In this brief guide, we are going to answer the question “ What can go wrong between exchange and completion? “.

If you are planning on buying a house then you may be interested in knowing what could possibly go wrong between exchange and completion to ensure you are well prepared for any eventualities.

What can go wrong between exchange and completion?

A lot of things can go wrong between exchange and completion e.g

  • The house could burn down, fall due to structural issues or be vandalised
  • You could find Japanese knotweed or other serious issues
  • The mortgage lender could withdraw their mortgage offer
  • House prices could fall
  • The seller could pull out of the sale.
  • You could lose your job
  • The mortgage lender could revise their mortgage offer

In some of these cases, you can prepare for these eventualities but in some cases, you are simply a pawn on the chessboard and you must wait it out before deciding your next move.

We will elaborate on all of the things above which could go wrong between exchange and completion.

The house could burn down, fall due to structural issues or be vandalised

Between exchange and completion, the house could burn down due to a fire, be vandalised by thieves or simply fall down due to structural issues. 

Whilst these are things that have certainly happened to others, there is no way of predicting when these sort of things could occur but there are a few steps you should take to ensure you are well covered.

You should get home insurance prior to an exchange and this will cover you if anything should happen to the house between exchange and completion.

Most mortgage lenders may insist you have home insurance before completion and there are some that will require you have it at the exchange of contracts but getting home insurance before the exchange of contracts will be your best bet to avoid any of the issues mentioned above seriously affecting you.

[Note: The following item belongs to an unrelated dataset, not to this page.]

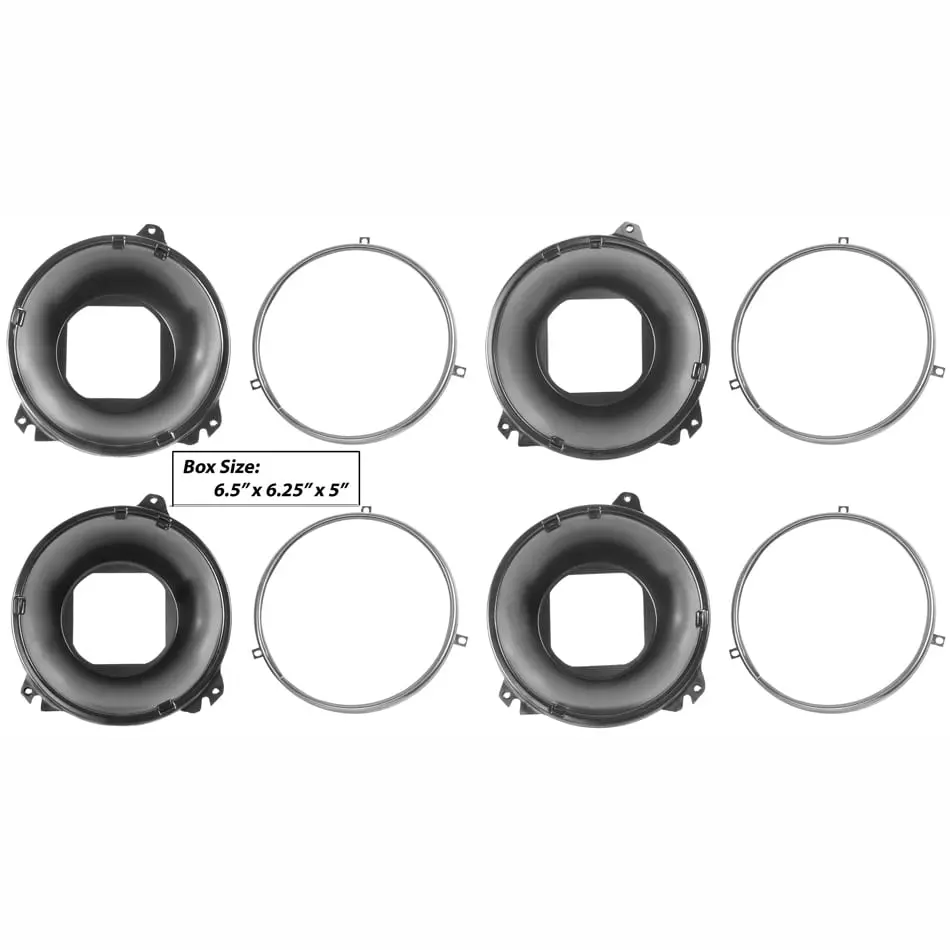 1967-1972 GMC Pickup Truck Headlamp Bucket and Ring 8 Pcs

You could find Japanese knotweed or other serious issues

Another thing that could go wrong between exchange and completion is that you could find other serious issues such as damp, Japanese knotweed or structural issues at the property.

This may give cause for concern and have you wondering if you should indeed go ahead with the property purchase or not.

The easiest thing to do in this instance is to contact your conveyancer and discuss your options with them.

It may be the case that the sale contracts allow you to pull out of the same with no cost to yourself if such issues are detected.

To prevent things getting to this stage you should try and have a property survey before you commit to buying a property.

A property survey will check for these issues and if these issues are found later on you may be able to sue the surveyor for compensation.

The mortgage lender could withdraw their mortgage offer

Another thing which could go wrong between exchange and completion is that the mortgage lender could withdraw their mortgage offer.

This could be for a variety of reasons including:

  • The property price is inflated and hence the loan to value on the mortgage is incorrect
  • A final credit check before completion revealed some troubling issues.
  • A fraud check from the mortgage lender revealed a CIFAS warning

There are a variety of reasons why a mortgage lender will withdraw their mortgage offer. In some cases, they will inform you of why they have made this decision but in others, they may not.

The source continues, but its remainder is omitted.